What you are asked to do
An exact repetition of the data below, without images, is the expected answer.

Material shown
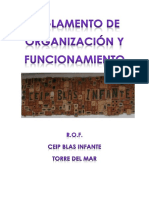 Rof 2021-22 PDF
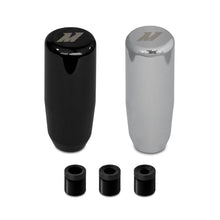 Load image into Gallery viewer, Mishimoto Shift Knob Black - DTX Performance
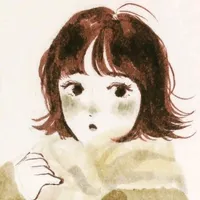 original sound - yasmimedits637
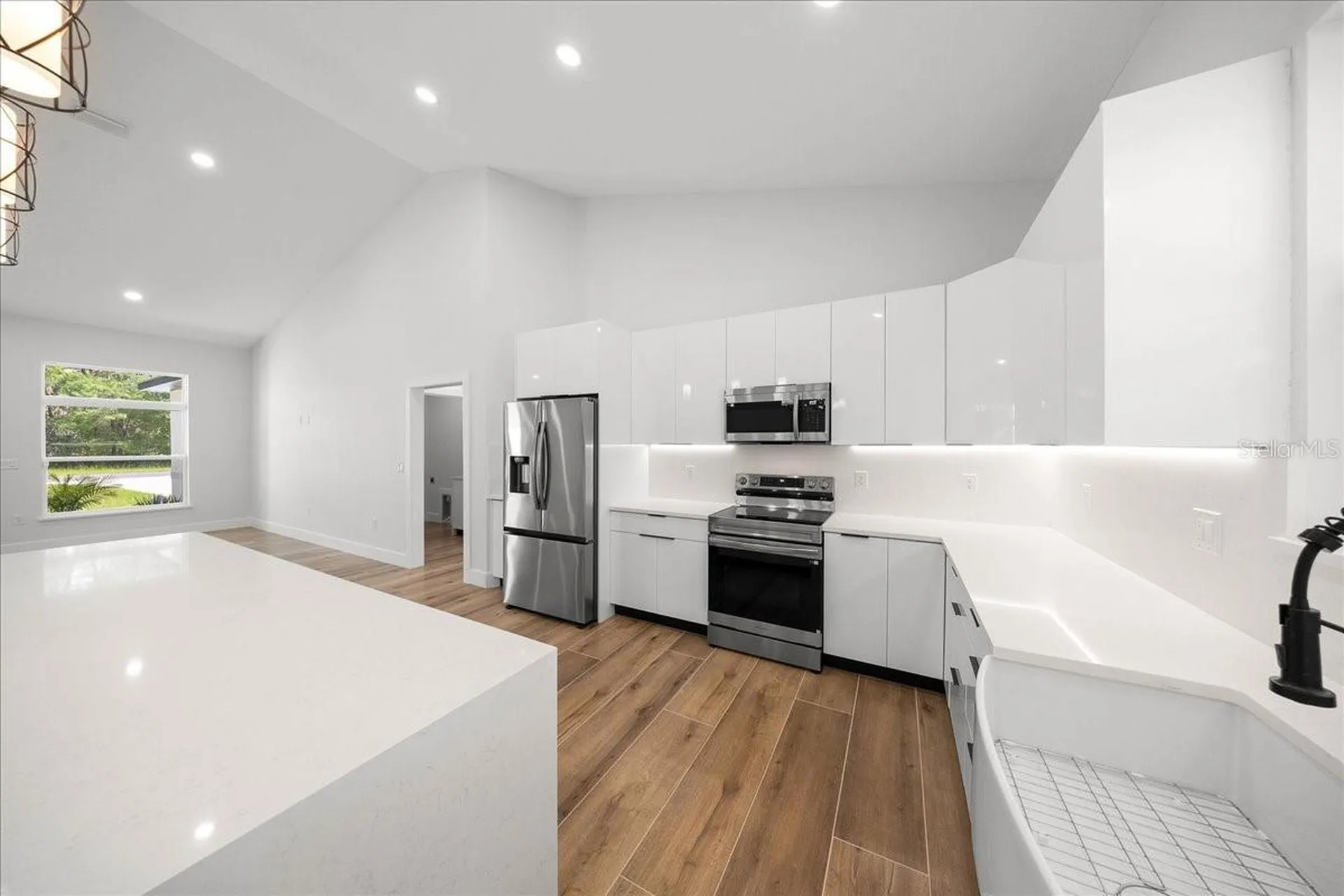 4438 SW 179 Place Ocala FL 34473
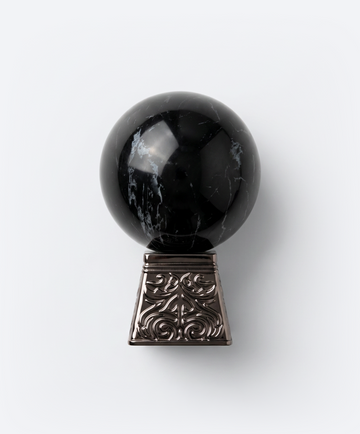 AURORA BLACK OBSIDIAN EDP 100ML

The answer
 Rof 2021-22 PDF
 Load image into Gallery viewer, Mishimoto Shift Knob Black - DTX Performance
 original sound - yasmimedits637
 4438 SW 179 Place Ocala FL 34473
 AURORA BLACK OBSIDIAN EDP 100ML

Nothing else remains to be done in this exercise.